**Records to use**:
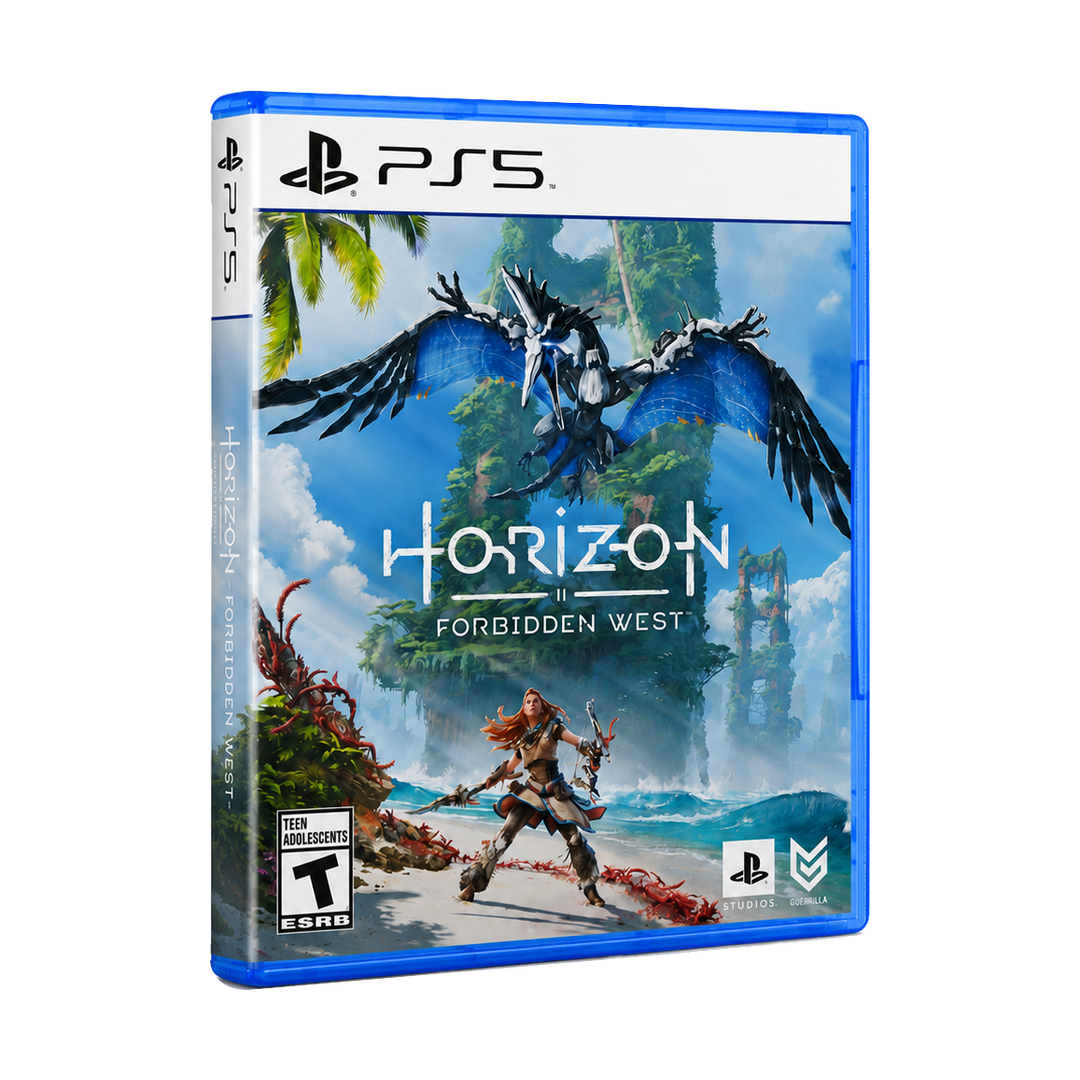 Horizon Forbidden West - PS5 — angled case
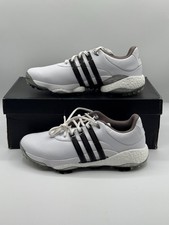 adidas Tour360 22 Cloud White/Core Black/Silver Metallic Size 9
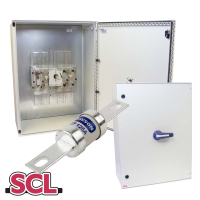 GRP Enclosed Switch Fuses with Fuses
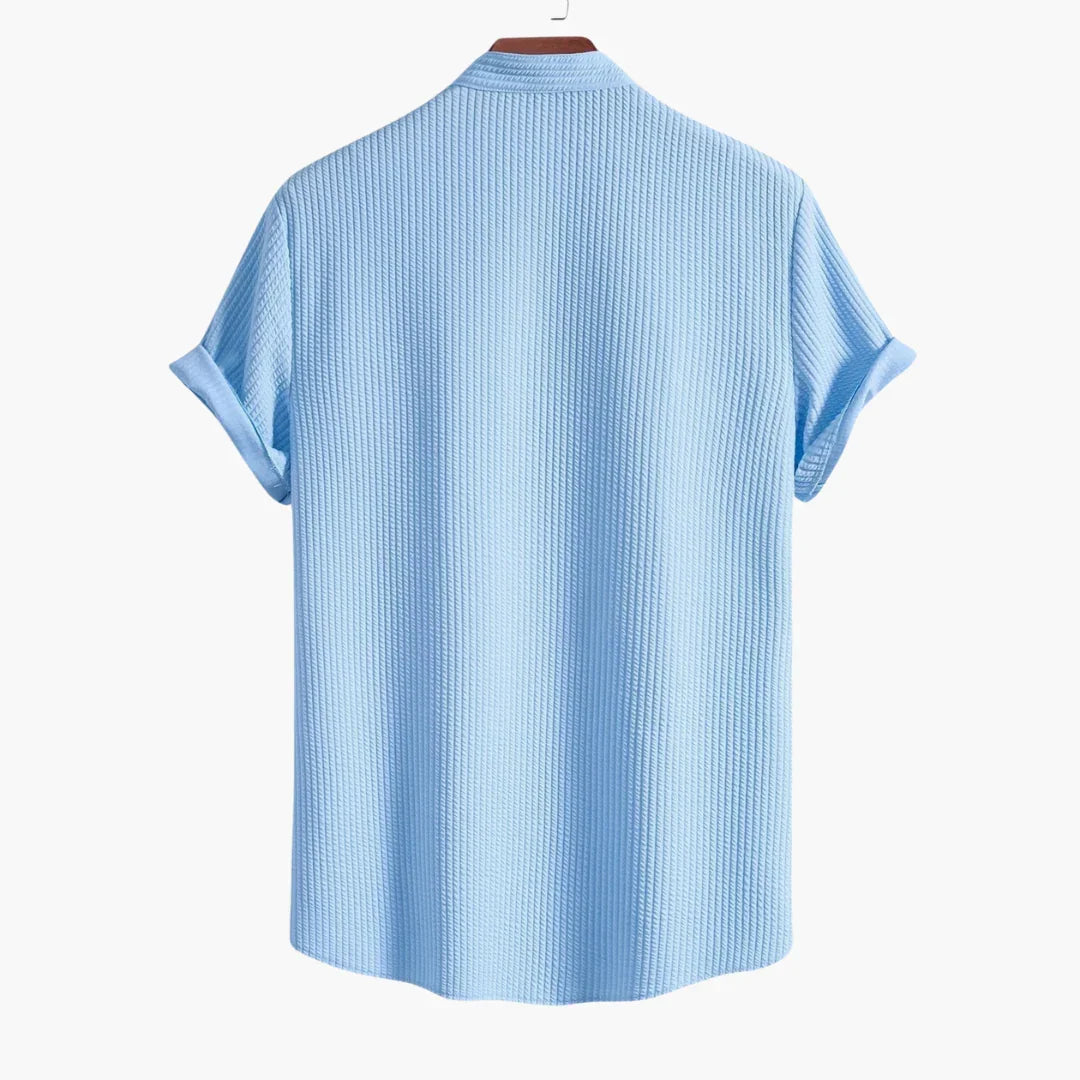 Cyrus | Modern Stand-Collar Button Shirt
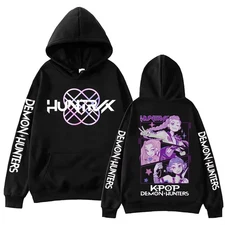 Kpop Demon Hunters Hoodie Harajuku Hip Hop Pullover Tops Sweatshirt UNISEX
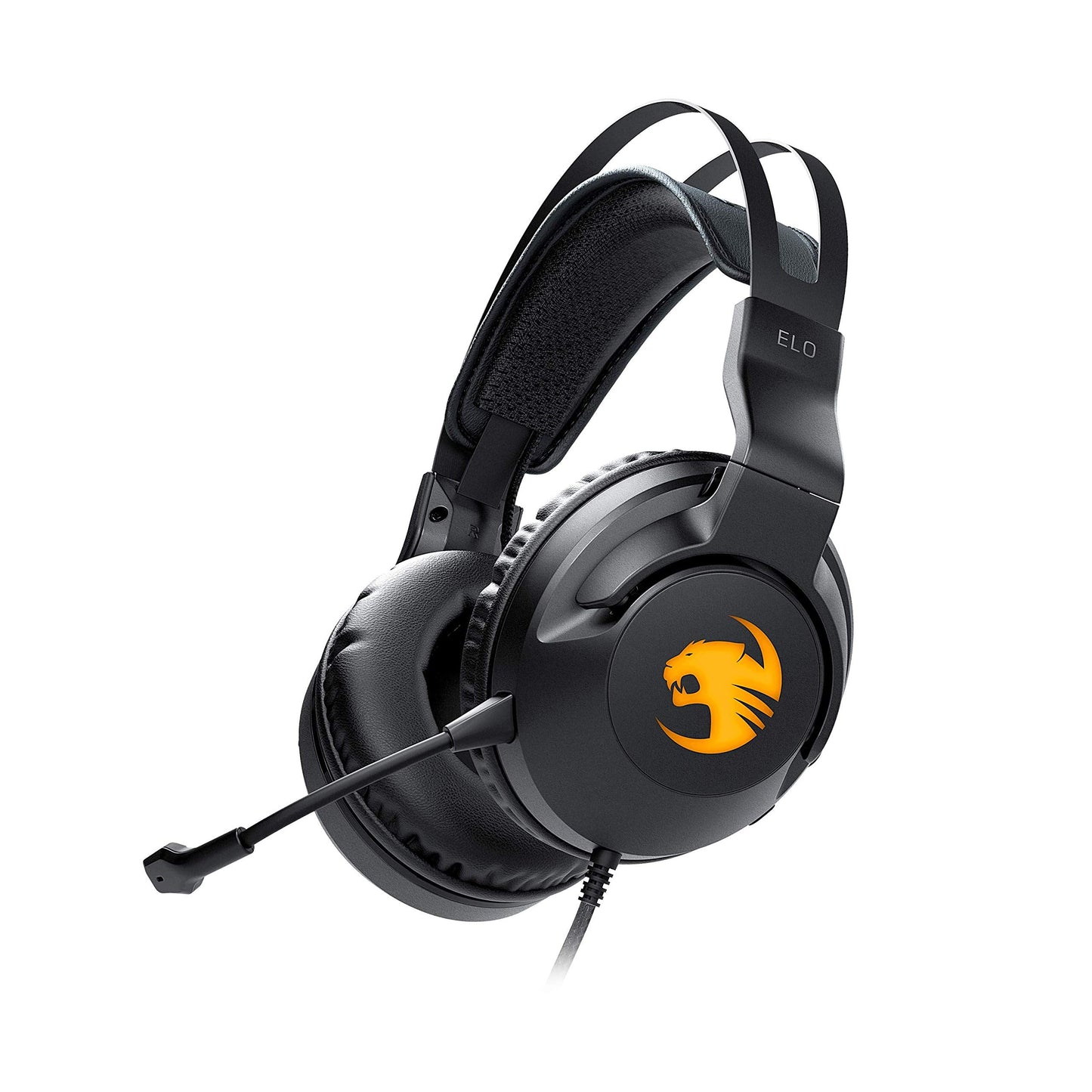 ROCCAT Elo 7.1 USB PC Gaming Headset, Surround Sound with AIMO RGB Lighting, Wired Computer Headphones, Detachable Noise Cancell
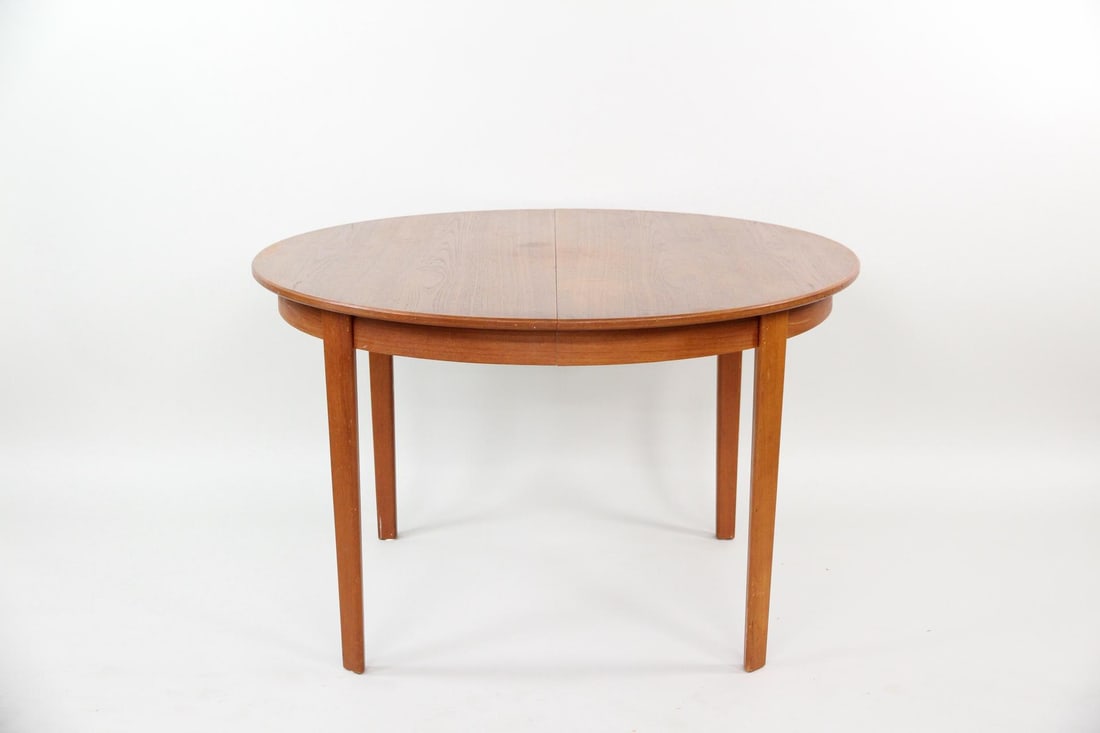 Danish Modern Teak Dining Table with Leaf (1 of 11)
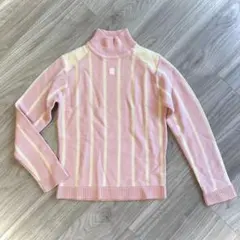 Courrèges クレージュ ロゴ半袖ニット 21 ポンポン付き 希少 - メルカリ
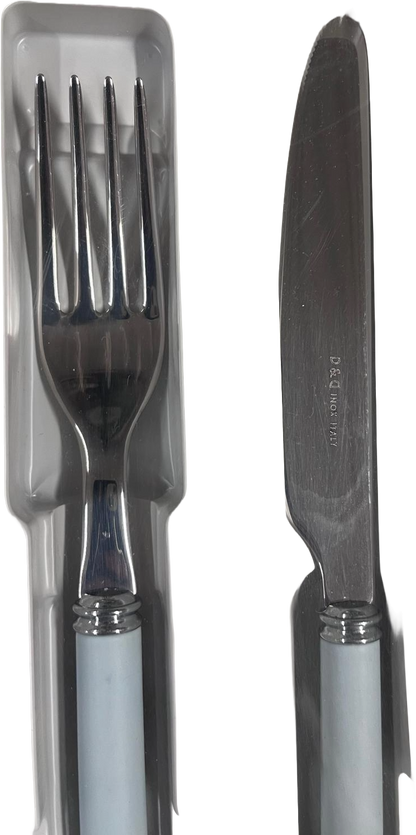 Set Posate 24 pz Domus Design Azzurro 71 - Casa & Stile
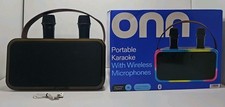 Onn Portable Bluetooth Karaoke Machine w/2 Wireless Microphones OPEN BOX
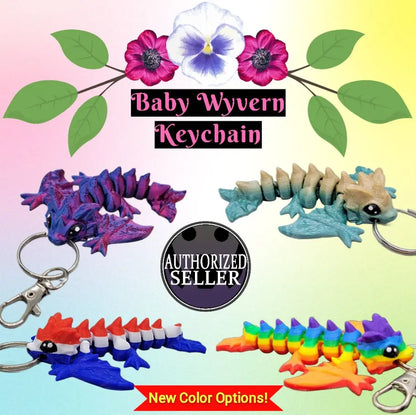 Baby Wyvern Toy or Keychain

**Task description**:
Keep each line of the records exactly as it is while transcribing them, but leave the images behind.

**Result**:
 Horizon Forbidden West - PS5 — angled case
 adidas Tour360 22 Cloud White/Core Black/Silver Metallic Size 9
 GRP Enclosed Switch Fuses with Fuses
 Cyrus | Modern Stand-Collar Button Shirt
 Kpop Demon Hunters Hoodie Harajuku Hip Hop Pullover Tops Sweatshirt UNISEX
 ROCCAT Elo 7.1 USB PC Gaming Headset, Surround Sound with AIMO RGB Lighting, Wired Computer Headphones, Detachable Noise Cancell
 Danish Modern Teak Dining Table with Leaf (1 of 11)
 Courrèges クレージュ ロゴ半袖ニット 21 ポンポン付き 希少 - メルカリ
 Set Posate 24 pz Domus Design Azzurro 71 - Casa & Stile
 Onn Portable Bluetooth Karaoke Machine w/2 Wireless Microphones OPEN BOX
 Baby Wyvern Toy or Keychain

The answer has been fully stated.